Thesaurus Mathématicus publié à Francfort en 1613. C'est une table de sinus naturels avec 10 décimales et 3 colonnes de différences. Cet ouvrage est de Rhesicus, disciple de Copernic, et a été composé avant l'Opus Palatinum auquel il devoit servir de base; les imperfections de l'Opus Palatinum engagèrent en 1612 un géomètre nommé Sitiscus à rechercher le manuscrit de Rhéticus mort plusieurs années auparavant et après en avoir fait, il le livra à l'impression. Ce sont Les Tables de sinus naturels les plus étendues et les plus exactes qui aient encore été publiées.
Arithmetica Logarithmetica de Briggs.

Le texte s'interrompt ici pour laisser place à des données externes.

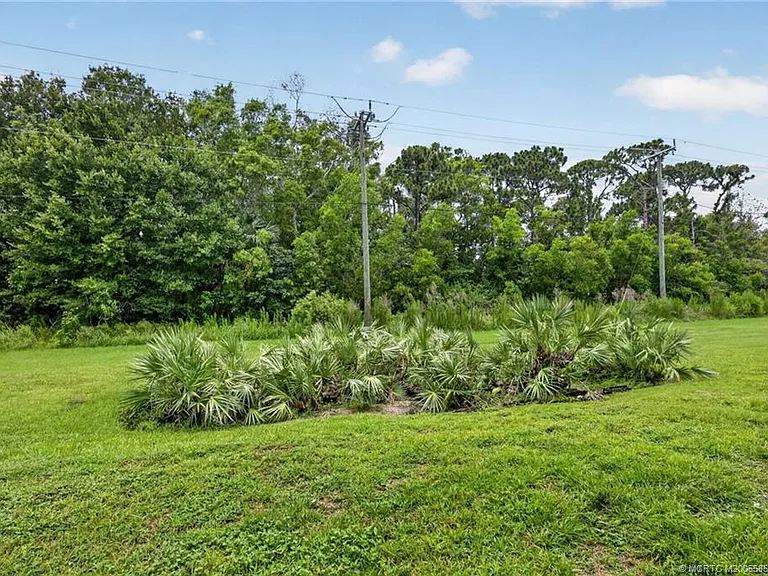 2 Lake Vista Trl #107 — Photo 32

L'auteur trouvant les logarythmes hyperboliques, dont s'étoit servi Neper, trop incommodes dans les calculs usuels leur substitua, le premier, les logarithmes qu'on a nommé depuis tabulaires, et calcula avec un travail et des artifices qui ont beaucoup de mérite pour le temps où il vivoit, les logaritmes des nombres depuis 1 jusqu'à 2000 et depuis 9000 jusqu'à 100000 avec 14 décimales. Ces tables furent publiées à Londres, en 1624, on ignore s'il en existe des exemplaires en France, la Bibliothèque Nationale n'en possède aucun.
Wlacq repris peu de tems après le travail de Briggs; il réduisit les logarytmes à 10 décimales au lieu de 14, mais il remplit la lacune de 20000 à 9000, ensorte que les tables renferment les 100000 premiers nombres. Ce sont les meilleures qu'on connoissoit depuis longtems on n'en trouve plus dans le commerce. La Bibliothèque Nationale et un petit nombre d'autres Bibliothèques en possèdent des exemplaires.
Trigonometria artificialis goudae 1633. Ce sont des tables des logarythmes sinus et tangentes calculées pour tout le Quart de Cercle de 10 en 10 secondes avec 10 Décimales. Wlacq qui en est l'auteur les a calculées au moyen des tables des nombres dont on vient de parler et des tables des sinus naturels de l'Opus palatinum; cette méthode donne rarement l'exactitude du 10 e chiffre, cependant le Trigonomeria artificalis est l'ouvrage de son espèce le plus étendu et le plus estimé qu'on aye; malheureusement il est au moins aussi rare que les tables des nombres.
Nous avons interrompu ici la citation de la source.